In the era of Instagram and Snapchat, clicking a great photo is not enough. To make the likes flow in, it also needs a fitting caption. Now, with the help of Google’s TensorFlow, thinking hard on captions will be a thing of the past.
The pesky first world problem of coming up with a caption has a solution. Machine learning has come to rescue as the image captioning model in Google’s TensorFlow can now study your image and come up with a description on its own.
And it’s nothing less than amazing. Google calls the project ‘Show and Tell’ and it claims the technology has a 93.9 per cent accuracy rate. Earlier versions could only clock 89.6 per cent and 91.8 per cent accuracy. Even though the increment in accuracy seems minimal, for a form of classification, it does have a large impact on usability.
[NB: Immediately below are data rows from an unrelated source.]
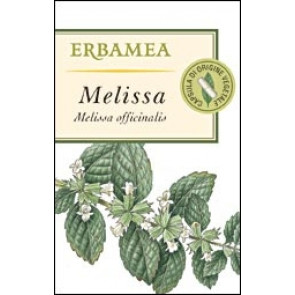 Erbamea MELISSA 50 capsule vegetali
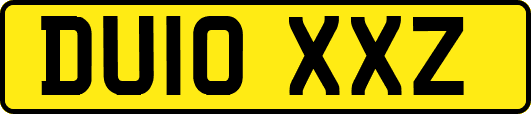 DU10XXZ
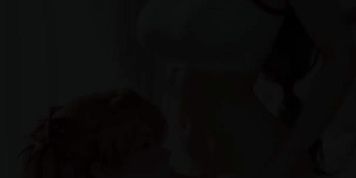Miniatura de Futanari Tifa Fucks Redhead Rough – Blowjob&Comma; Doggy&Comma; Handjob & Oral Creampie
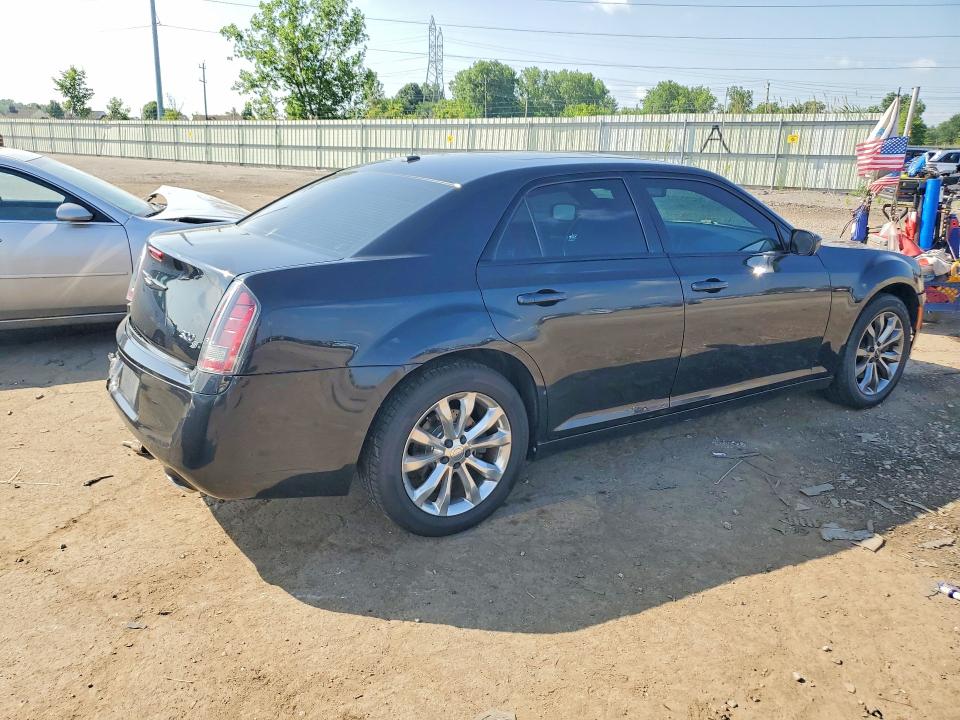 2014 Chrysler 300 მანქანა იყიდება აუქციონზე, vin: 2C3CCAGG0EH374421, აუქციონის ნომერი: 59032676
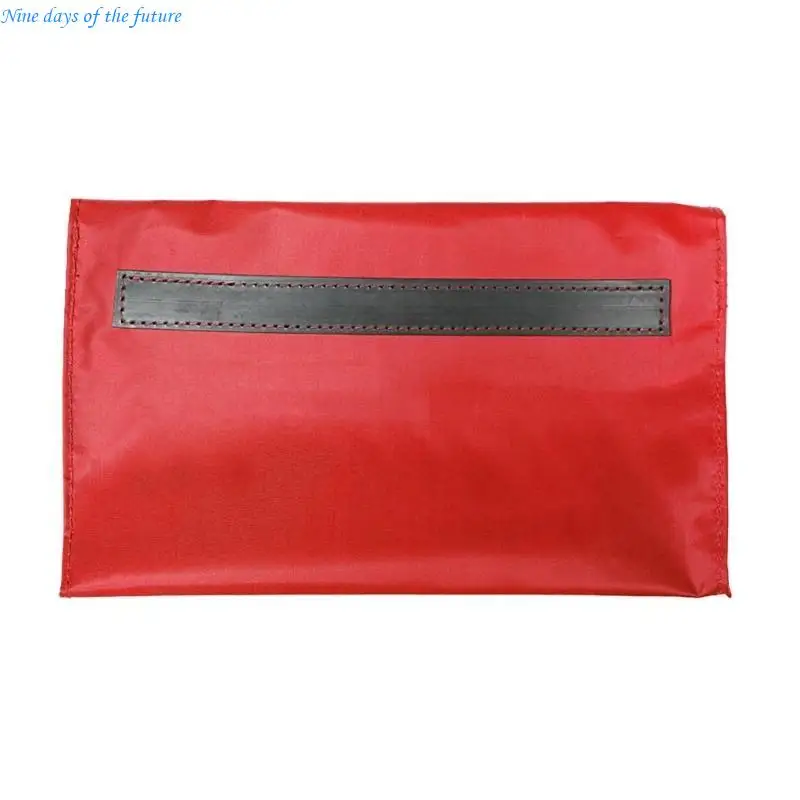 Marker Holder Pen Bag 9x5.3In Pen Pencil Holder Bag E65A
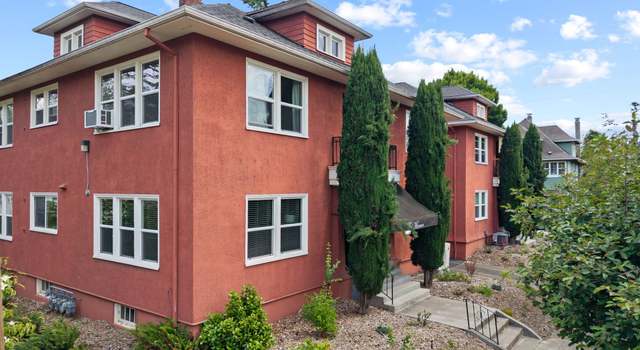 Photo of 1534 NE 26th Ave #5, Portland, OR 97232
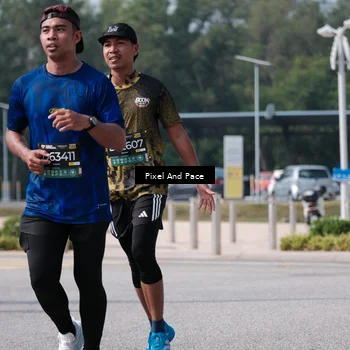 Runner Photo 6803115
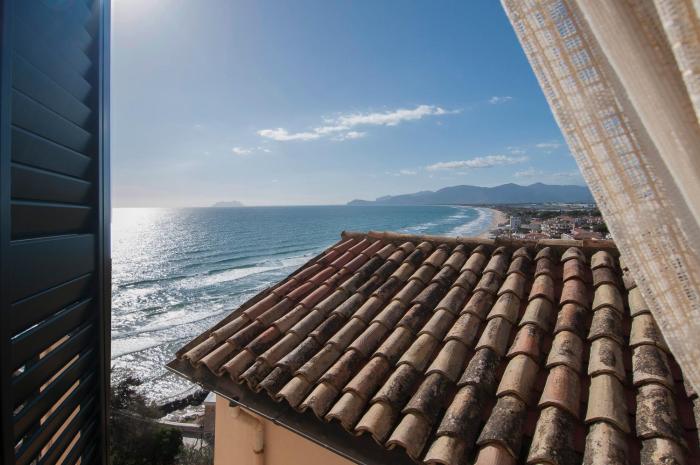 casa vacanza madonnella 10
To attain such accuracy, the scientists at Google Brain Team had to train both the vision and language frameworks with captions created by real people. This enables the technology to avoid simply naming the objects in the image.
Instead, the framework can generate a complete descriptive sentence about the image. The key is to take into account the way objects in a image relate to each other.
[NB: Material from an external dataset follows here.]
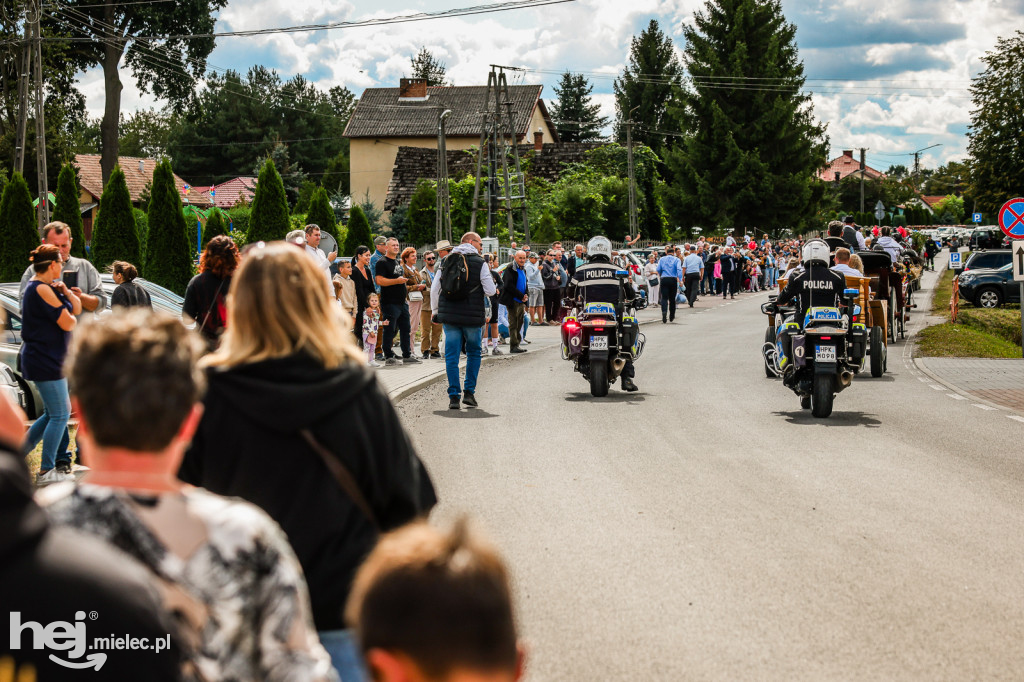 Parada Konna Żarówka 2025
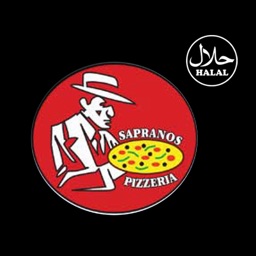 Sapranos Pizza & Kebabs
While earlier versions took at least three seconds per task on a Nvidia G20 CPU, the current version open sourced today can do the same in just 0.7 seconds. This indicates that this version is much more sophisticated than the previous ones.
The key strength of this framework is its ability to connect objects in an image with a context. This will come useful when the system needs to recognize the scene and differentiate from different scenarios.